Darüber hinaus haben wir, mit Blick auf die Versicherer bzw. den Versicherungsmarkt, vergangenes Jahr eine zunehmende Homogenisierung des Versicherungsmarkts festgestellt, was ein natürlicher Ablauf eines Produkt-Lebenszyklus‘ ist: Versicherungsprodukte werden passgenauer auf die Bedürfnisse der Versicherungsnehmer zugeschnitten. Das Ergebnis ist neben einer Angleichung der auf dem Markt verfügbaren Angebote auch die Weiterentwicklung innovativer Versicherungslösungen. Beispielsweise haben wir bei Hiscox eine innovative Tagespauschale in der Deckung von Cyber-Betriebsunterbrechungsschäden eingeführt. Diese garantiert eine kurzfristige Auszahlung einer pauschalen Entschädigungsleistung und bietet damit schnellen, einfachen und verlässlichen Versicherungsschutz vor allem für KMU. Und auch das Angebot an Prävention wird immer weiter ausgebaut. Hier schließt sich der Kreis, da sich dieses Angebot wiederum an dem verändernden Bedarf der KMU orientiert.

it-daily: Das letzte Jahr war natürlich auch vom Ukraine-Krieg überschattet. Hat sich dieser auf die Cyber-Bedrohungslage ausgewirkt?

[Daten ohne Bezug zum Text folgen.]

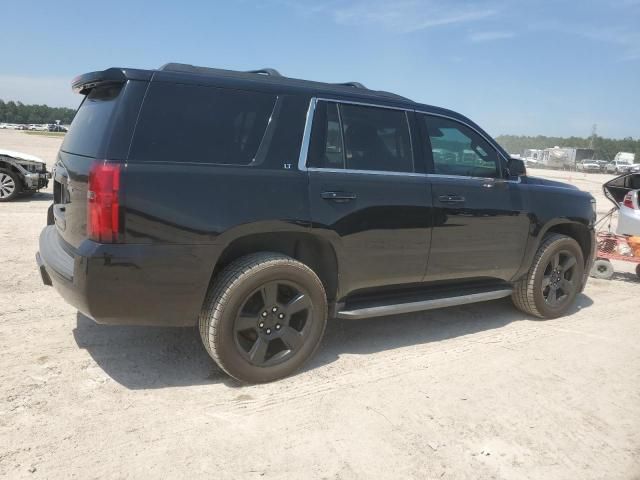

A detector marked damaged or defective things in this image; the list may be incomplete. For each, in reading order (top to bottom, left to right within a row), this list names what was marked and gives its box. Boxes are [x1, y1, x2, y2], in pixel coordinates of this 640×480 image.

white damaged car [0, 150, 50, 202]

Gisa Kimmerle: Grundsätzlich kann man sagen, dass sich geopolitische Spannungen mittlerweile mehr und mehr in den Cyber-Raum verlagern. Diese Cyber-Angriffe richten sich häufig gegen große Unternehmen, die in systemrelevanten Bereichen tätig sind. Mit zunehmender Vernetzung von IT-Infrastrukturen erleiden aber auch KMU, die über 99 Prozent aller Unternehmen in Deutschland ausmachen, zunehmend Kollateralschäden von Cyber-Attacken. Deshalb ist es umso wichtiger, dass KMU entsprechende Vorkehrungen treffen, um im Falle eines Angriffs gerüstet zu sein.

it-daily: Ableitend aus den Entwicklungen aus dem letzten Jahr: Was sind Ihre Top-Empfehlungen für das Jahr 2023? Wie können sich KMU wirksam gegen Cyber-Angriffe schützen?

Gisa Kimmerle: Essenziell für KMU sind nach wie vor Maßnahmen zur Absicherung der IT-Infrastruktur. Eine der wichtigsten Maßnahmen stellt dabei das zeitnahe Einspielen von Sicherheitspatches dar. So wird es den Angreifern erschwert, auf das System zuzugreifen. Im Fall von Attacken mit Ransomware, bei welchen Daten verschlüsselt und daraufhin ein Lösegeld gefordert wird, wird das Risiko einer potenziellen Erpressung durch geeignete Backups gesenkt. Wie die Ergebnisse des Hiscox Cyber Readiness Reports zeigen, stellt die Bezahlung von Lösegeld keineswegs immer einen geeigneten Weg zur Wiederherstellung der Daten dar: Nur etwas mehr als die Hälfte der Unternehmen weltweit, die Lösegeld gezahlt haben, haben ihre Daten vollständig wiederherstellen können.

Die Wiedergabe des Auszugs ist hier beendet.